The judge gently chided the offending attorney and then — given the lack of a clerk in these proceedings — the judge got up, crossed the room, and used a copy machine to make the needed number of copies. Everything, again, came to a stop.
The judge, noting the loss of an hour at this point, asked the two lawyers how long their presentations would take. The alien's lawyer said an hour and a half, which was greeted by a judicial raised eyebrow, and the government lawyer said it depended on what the first lawyer had to say. The judge added that there would be an oral decision, and that this sometimes took an hour.
Then the judge turned to the matter that had caused a postponement of the case the prior month, the question of whether the alien could understand the proceedings. There appeared to be two problems: what language or languages would be needed, and whether or not the woman had a properly installed hearing aid.
It was stated that the applicant, a native of Country A, and a long-time resident of Country B, understood presentations better in Language A, but was better able to express herself in Language B. So the judge had arranged, and this is either highly unusual or unique, to have two court-appointed translators present, one for each language.
The judge then tried a couple of different approaches. First, Interpreter A whispered in the ear of the alien, and translated the answers; then Interpreter B played that role. The judge sensed that neither approach was working.
The judge then moved on to the matter of a hearing aid. A letter from some kind of hearing professional was introduced; that person had an office about 200 miles from the alien's residence. Why use someone so distant, the judge asked, and the first reply was not (to me, at least) very convincing and the second reply was completely different from the first.

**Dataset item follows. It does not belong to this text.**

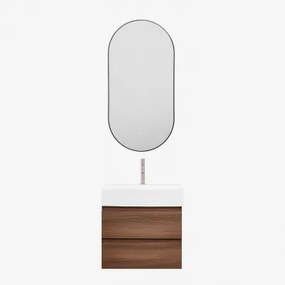Conjunto De Móvel De Casa De Banho Em Madeira E Chapa De Freixo Com Lavatório Integrado Ona Madeira Escura & Ovale Led E Antifog Preto - Sklum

As to the hearing aid, the alien said that she had had one for seven years. "How often have you used it?", the judge asked. "Maybe twice" was the response.
The judge at this point showed the slightest level of irritation, aimed mostly at the alien's lawyer, saying that the court had already postponed the case once to solve the understanding problem, that the court had provided two interpreters this time around, and that all of these moves were designed to protect the alien's rights — but there were still problems.
Then the judge did something unexpected, letting us know that the judge spoke Language A and that it was clear to the judge that the alien was not understanding the proceedings. The judge called for another postponement, saying that this was the last time this would happen, and implied that if the understanding problem was not cleared up, the alien would lose the case. Asylum applicants have the burden of proof in these circumstances.
Later, in response to my question, the judge told me what I expected to hear: that the case had not been assigned to this judge because of this judge's linguistic skills, and there never are such assignments. Everything is recorded in English.
My sense is that asylum applicant and her lawyer fell down on the job of working through the hearing problem, and were extremely lucky in the judge that they drew for the case. Either that or the applicant was so stubborn in her reaction to the hearing aid as to undermine her own cause. Or both. No one in the courtroom quite said any of these things.
Further, the woman has lived in the States for at least 15 years, but no one asked if the proceedings could be conducted in English. Nor did the alien volunteer any comments in English.
The case was an exception. Most merits hearings like this one are finished in an hour or two, and there are few postponements once a merits hearing starts. But this one collected just about as many preliminary problems as one could possibly imagine, and maybe more.